Make an exact copy of the lines from the one containing "The user logs" through the end of the records below, and leave out every picture.

Exercise materials START

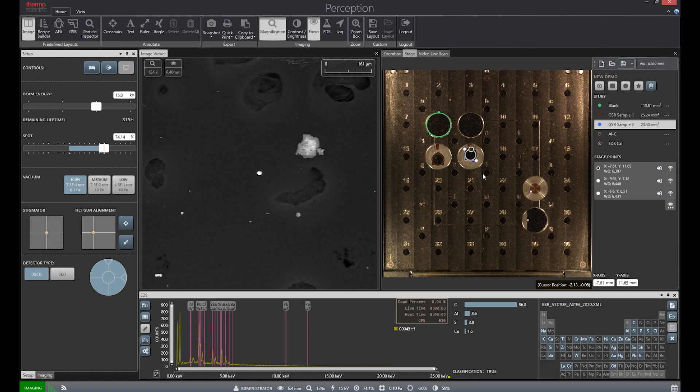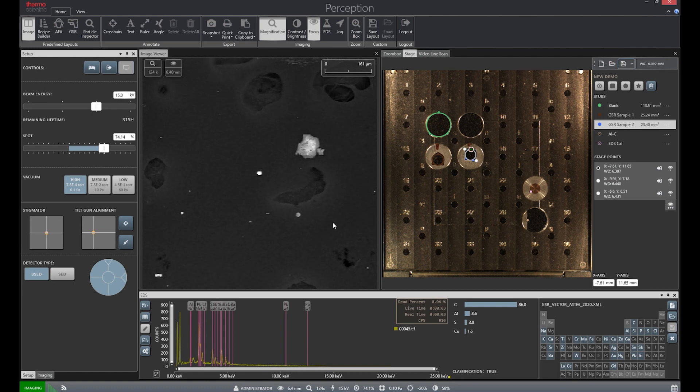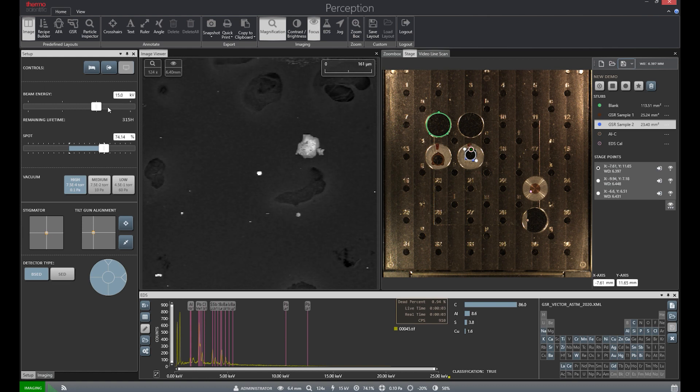The stage file tells the software where the GSR analysis will be conducted. To the left of the NavCam image is the SEM Live View, which will be used for adjusting our sample areas, which make up our stage file.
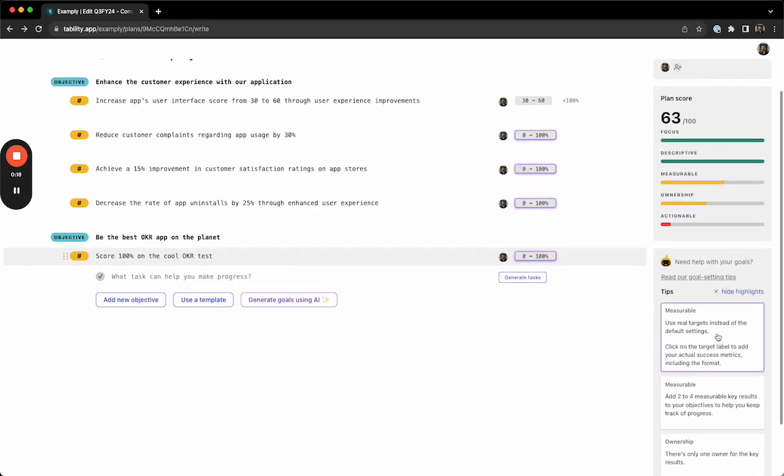Click on a suggestion, and Tability will highlight it inside of the plan so you know where to go and edit it.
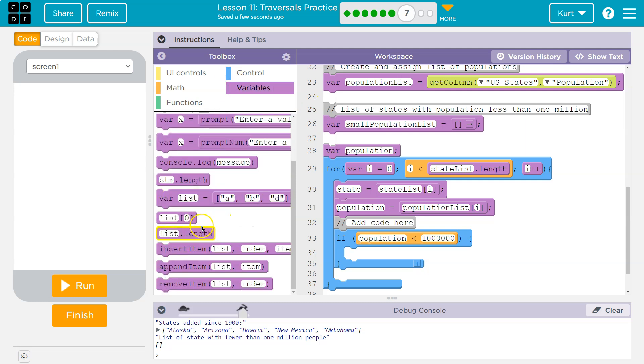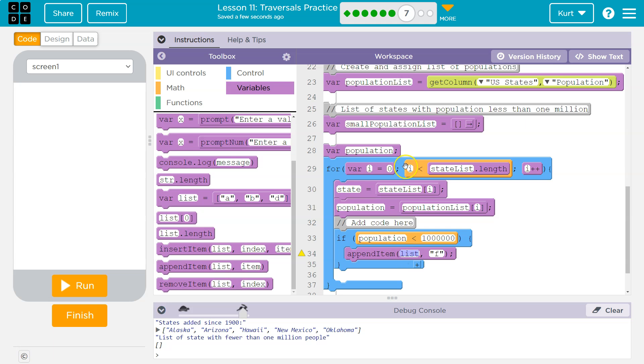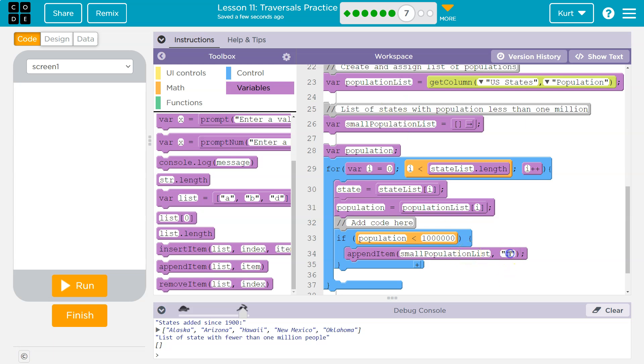Well, we want to use that append here. Append to what? Well, small population list. I'm just going to copy and paste because it's long, but this empty list, we're going to say append to this list. Add this state, the state that has less than that amount of population to our list. We're adding state.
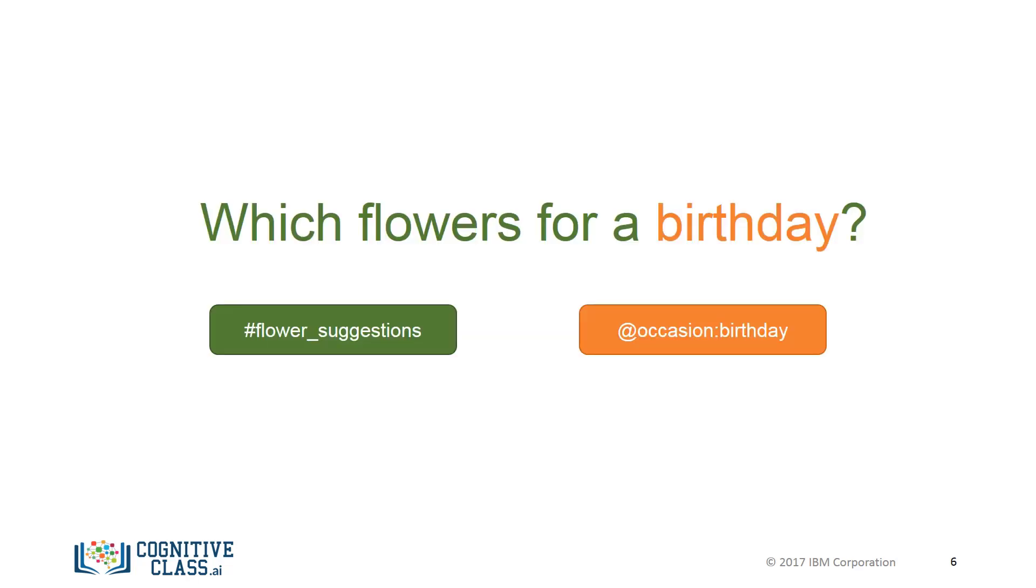In Watson's eyes, the question which flowers for a birthday will then be interpreted as having flower suggestions intent, occasion as the entity, and birthday as the value of the entity. Note that the colon is used to indicate a specific value within the entity. This will come in handy when we design the dialogue and we want to provide different responses for occasion birthday and, say, occasion sickness.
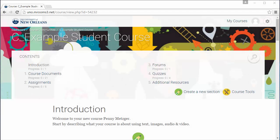Hello and welcome to Moodle. My name is Penny Metzger and I work in the Center for Teaching Innovation. This video playlist was created to help guide you through the basics of using Moodle.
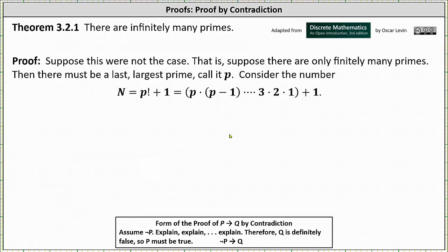Welcome to an example of the mathematical proof method of proof by contradiction. The form of the proof of 'if p then q' by contradiction is to assume not p, explain, explain, explain, therefore q is definitely false, indicating p must be true. Proof by contradiction takes the form of 'if not p then q,' where again q is false and therefore p must be true.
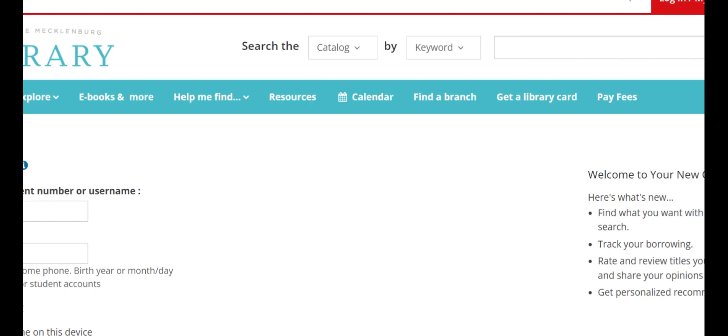If your birthday is November 15th, your password would be 1115. If you have any questions, raise a hand and your teacher will give you some help.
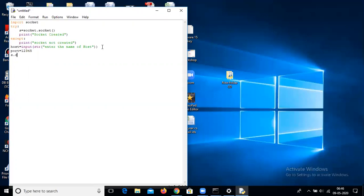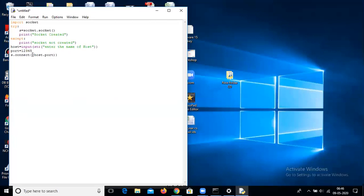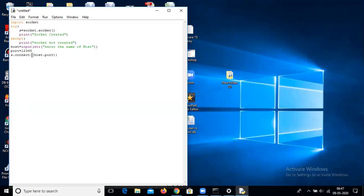Now we have to connect. The client is created and we use s.connect to connect with the host using the given port. You can see there are two curly brackets — host and port are packed inside one set of brackets. The connect method only accepts one argument, so we pack these two arguments into one argument using the opening and closing curved brackets.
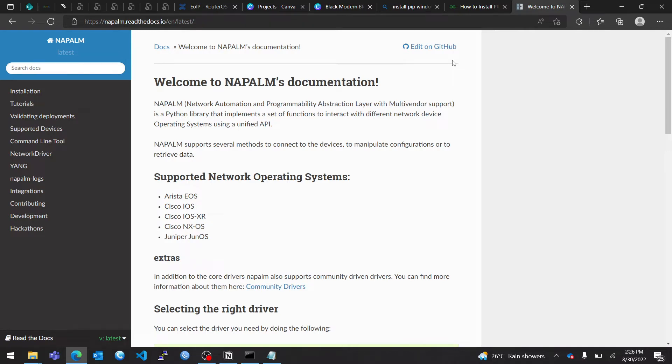Hello everyone and welcome to this brand new series on how to use Napalm for network automation. In this series, I'm going to show you how to install Napalm and how to integrate your host PC with GNS3 so that you can run scripts directly from your PC to GNS3, which will create more convenience when designing scripts.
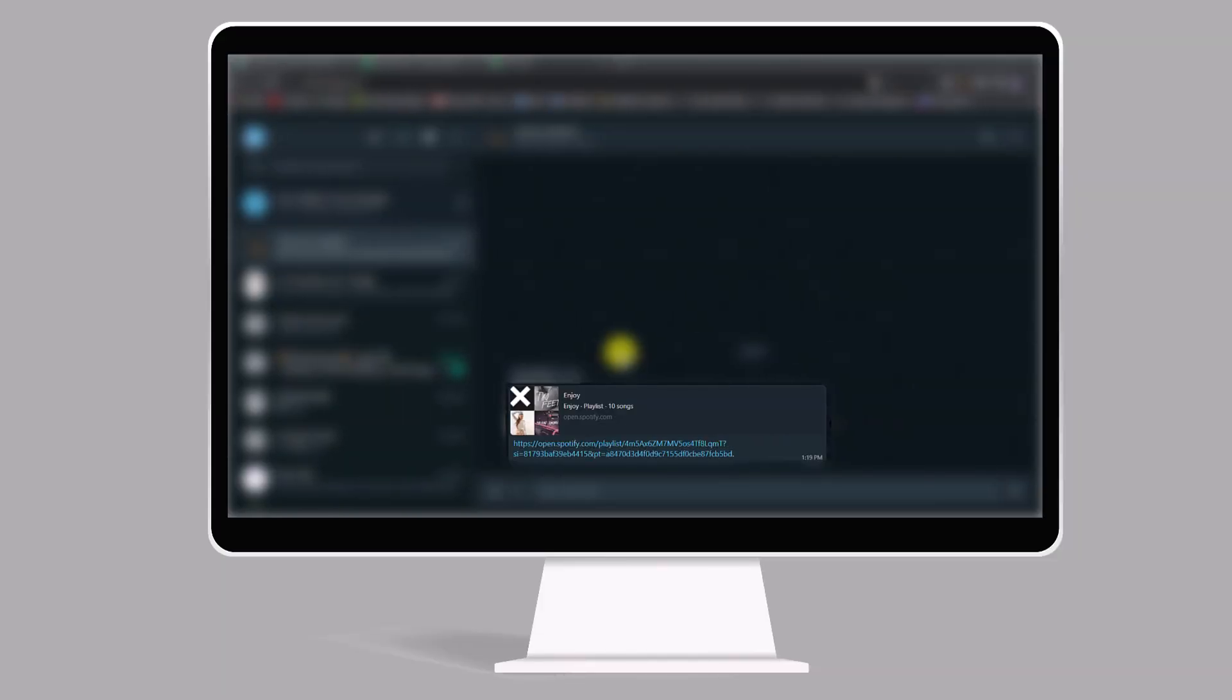On another computer, if you receive this link, click on the link to access the collaborative playlist that has been shared with you. This link might have been sent through a messaging app, email, or any other method.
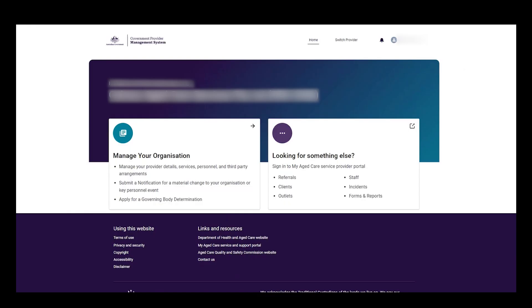The user logs into the self-service portal and is presented with a portal landing page. The user wishes to oversee the information of their approved provider, so they select the manage your organisation tile.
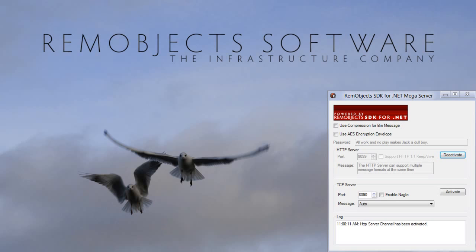In this video I'll show you how to create a client with RemObjects SDK for Java for the mega server demo server.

Exercise materials END

• [Exercise result]:
The user logs into the self-service portal and is presented with a portal landing page. The user wishes to oversee the information of their approved provider, so they select the manage your organisation tile.
In this video I'll show you how to create a client with RemObjects SDK for Java for the mega server demo server.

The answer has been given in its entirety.